An important message
posted April, 2022
You may have seen numerous notifications about scams on ad sites recently, but in case you haven't, here are some tips that will help you stay safe.
There is a new scam targeting clients and customers, which starts with the scammers taking over the advertising accounts of established providers.
This happens when a provider or their assistant accidentally clicks a malicious link in a disguised phishing email, and the scammers then have access to this provider's advertising accounts. From here, they post ads using lots of emojis, provocative language, industry acronyms - and they tend to promise taboo activities. They change the phone number and sometimes the email address on the ads, but they'll leave the photos, social media and website as they are, so it looks more legitimate.
First rule of avoiding these scams: If it seems too good to be true, it probably is.
Second rule: When contacting a provider, only make your first contact to them through their website form. These are the hardest for scammers to intercept; most providers use an outside hosting service that scammers won't have access to, and scammers won't be able to update it with their fake contact info.
Third rule: Once you receive an email back, copy and paste the email address into a google search. Make sure the email address you're communicating with only pops up in relation to the provider you're trying to meet. If you find that Julie is using an email address listed for Suzy, then something is probably amiss. Do the same thing for any phone numbers you're texting with. If there aren't any search results for the phone number, or you see it used on numerous profiles, block them and move on. Do not give them any personal information, or any deposits.

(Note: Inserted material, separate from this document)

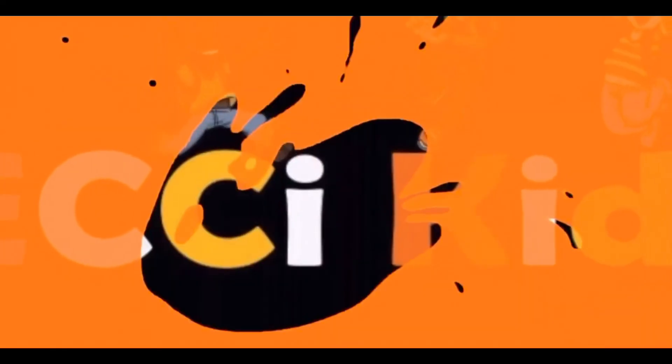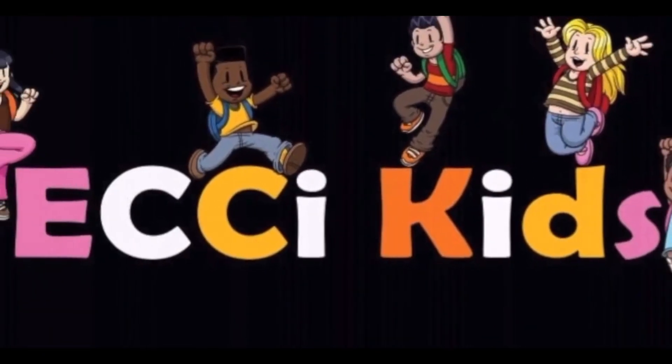Okay guys, that's all for today. Thank you for joining ECCI Kids. I hope you have a great week — take care! Thank you for joining us.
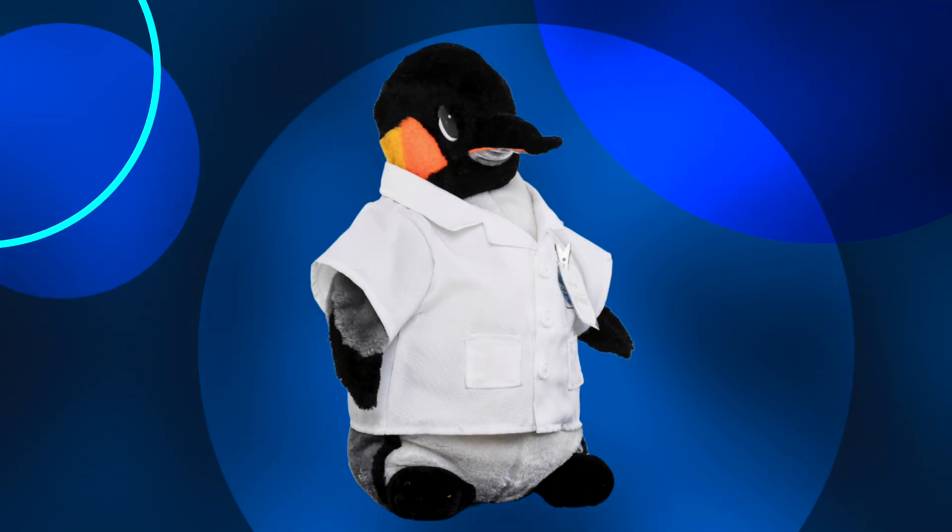He loves the ice, he loves to waddle around, and he loves science! Yes! It's Benjamin's birthday! And we're going to celebrate science style. So come on, let's go to the lab.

Fourth rule: Be smart about how you send your screening info, and what you send. Contact providers only through their website form, and verify the contact info they're using is their official contact info listed in multiple places.
Fifth rule: Check their social media - make sure they don't have any notes up about their account getting hacked, etc.
It's worth an ounce of prevention to make sure that you aren't falling victim to a deposit scam, or worse, blackmailed for your personal information. The vast majority of providers you contact are going to be conscious of discretionary issues and will take steps to ensure the safety of your personal infomation, but scammers are NOT providers - so for everyone's sake, please take a few moments and ensure that the person you're speaking with is actually the provider you're trying to meet (or in some cases, her assistant). OpSec is a community responsibility - let's keep each other as safe as possible.